Strikes are good #3: Barnet teachers fighting for their pensions


To supplement an earlier post, here's Barnet NUT on the pensions demonstration in central London today. My sense of the day was that the strikes - those by teachers and civil servants, I don't know about lecturers, though I would guess those as well - were well supported, and spirits were high among those taking action. Certainly, people enjoyed the march and rallies (there were two since you couldn't fit everyone into Westminster Central Hall).

Ed Miliband has made a tit of himself today condemning the strikes; this evening he posted a really lame defence of his earlier remarks - the comments (most of them) are spot on.

6 comments:

MickeyN said...

What amazingly hypocritical times we live in. When the people who caused the financial crisis were asked to show restraint, they threatened to withdraw their labour (by moving to some tax-free utopia); immediately all sides of the political hierarchy fell to their knees prostrating themselves before the gods of the City, begging them not to leave and allowing them to continue with their unfettered bonuses and minimal corporation taxes paid for by bail-outs and "austerity measures" etc.

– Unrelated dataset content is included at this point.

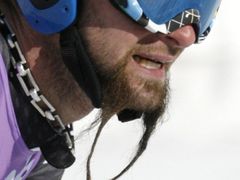 Pohled do tváře Filipa Trejbala, který jel ve slalomu výborně, ale po operaci slepého střeva nevydržel fyzicky a těsně před cílem vypadl.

THEN when the teachers and civil servants, the victims of the City charlatans, withdraw THEIR labour by striking, the politicians cry "foul". How dare these horrible public servants complain? Don't they realise that they are lucky to live in a country that cannot afford Museums but can afford to bomb the shit out of bits of North Africa (and £500K per cruise missile is a bargain).

One thing I've learned however: the definition of "gold plated". "Gold Plated" as applied to pensions means "not yet pissed away by gambling on the stock market".

David Duff said...

Might I correct the heading to this post in order to increase its accuracy:

Barnet teachers fighting for my money

Citizen Barnet said...

That's right, DD, teachers' salaries and pensions (teachers are taxpayers as well, btw) are paid for from taxes.

If we didn't have a state education system we would have a lot of uneducated gutter snipes running around, and any kind of productive activity would be fairly impossible.

The Victorians worked that one out. I can see why you live in the country.

David Duff said...

"we would have a lot of uneducated gutter snipes running around"

In view of experience and just about every report from everyone concerned, except teachers and Labour politicians, we actually have "a lot of uneducated gutter snipes running around".

The teachers who worked are admirable in that they remembered that their first, indeed, their only, duty is to the children they teach. The unutterable scum who left their pupils in the lurch should be sacked.

MickeyN said...

The "unutterable scum" are people like you who consider that a huge tranche of society have a duty to be exploited.

David Duff said...

Obviously, Mickey, your English teacher failed to explain exactly what 'exploitation' means. Earning the sort of money teachers earn for doing even less work than they used to do - the poor dears now need 'classroom assistants' - and doing the work, on the whole, exceedingly poorly according to just about every neutral analytical observer, they should keep very quiet and hope no-one notices just how much they are costing us all.

Still, if you, and they, are convinced that our poor down-trodden teachers are suffering in the same way as some Indian peasant slaving away in a workshop for 10 cents a day, then they can always pack it in and try something else. Of course, outside the cosy area of public employment you actually have to do enough to justify your pay.

But of course, most teachers do not think they are exploited because most teachers stayed at work. ONly the scum walked out on their children.